• _Action item_: Set down each of the records below exactly as it reads. No pictures go into the copy.

• _Material provided_:
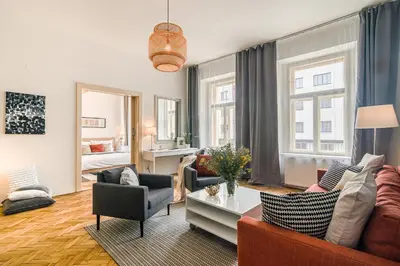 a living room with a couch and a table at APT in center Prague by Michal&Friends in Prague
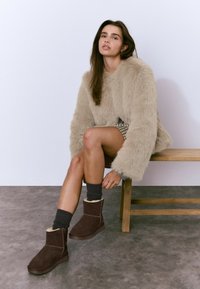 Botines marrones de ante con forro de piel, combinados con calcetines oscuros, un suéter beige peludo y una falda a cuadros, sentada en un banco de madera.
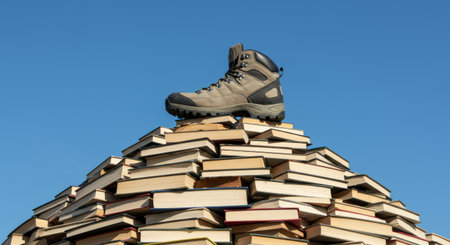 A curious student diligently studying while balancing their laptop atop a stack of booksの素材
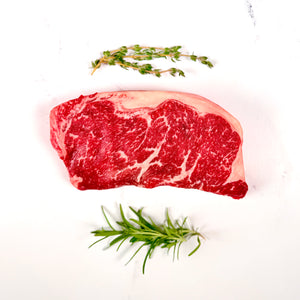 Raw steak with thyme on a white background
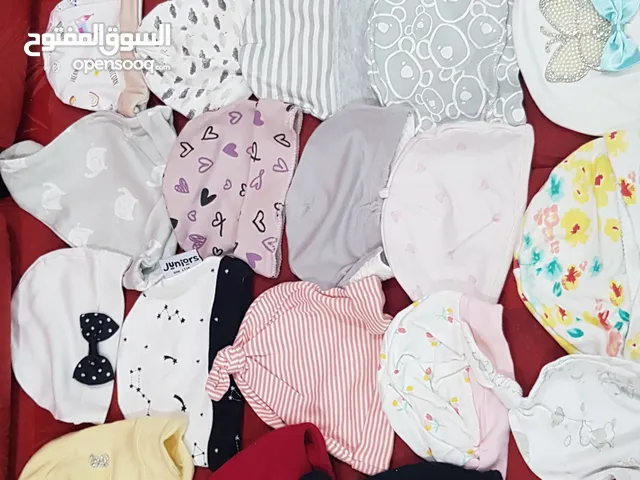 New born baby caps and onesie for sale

• _Answer for the task_:
 a living room with a couch and a table at APT in center Prague by Michal&Friends in Prague
 Botines marrones de ante con forro de piel, combinados con calcetines oscuros, un suéter beige peludo y una falda a cuadros, sentada en un banco de madera.
 A curious student diligently studying while balancing their laptop atop a stack of booksの素材
 Raw steak with thyme on a white background
 New born baby caps and onesie for sale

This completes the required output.